La famine ne serait-elle donc pas orchestrée par la dictature afin d’affaiblir la population et éviter qu’elle ne se révolte ?

La famine n’est pas orchestrée par la dictature. Cette idée d’orchestration signifierait qu’elle la provoquerait, qu’elle serait maîtresse de la situation agricole. Elle ne l’est pas. Elle subit. Si elle veut quelque chose, c’est s’en tenir à ce qu’elle a toujours fait. Avec en conséquence une situation catastrophique pour la population. Mais qu’importe la vie de la population, pourvu que le djouché (l’idéologie nord-coréenne) soit exalté !
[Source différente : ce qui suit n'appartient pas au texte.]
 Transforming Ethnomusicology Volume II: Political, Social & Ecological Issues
Le Figaro s’est procuré des vidéos clandestines provenant de Corée du Nord montrant des soldats affamés. Il semblerait que le régime n’arrive plus à nourrir l’armée. Pensez-vous que celle-ci peut se rebeller et désapprouver Kim-Jong-Il ?

Il est sûr que le troufion nord-coréen ne s’amuse pas tous les jours. Il est sûr aussi qu’une rébellion de l’armée est un des scénarios que les experts évoquent de temps à autre. Mais ils parlent plus de révolution de palais venue de cadres militaires supérieurs qui ne supporteraient plus l’affaiblissement du pays ni le monopole du pouvoir par une famille dirigée par un satrape…Mais les contrôles sont très serrés. Les opposants doivent  garder le silence, comme l’a fait il y a quelques années Hwang Yang Jop, l’idéologue du régime. Après des décennies de silence, et même d’applaudissements au régime, il s’est enfui. C’était sans doute la seule solution pour lui. Mais une solution qui ne favorisait pas une action collective…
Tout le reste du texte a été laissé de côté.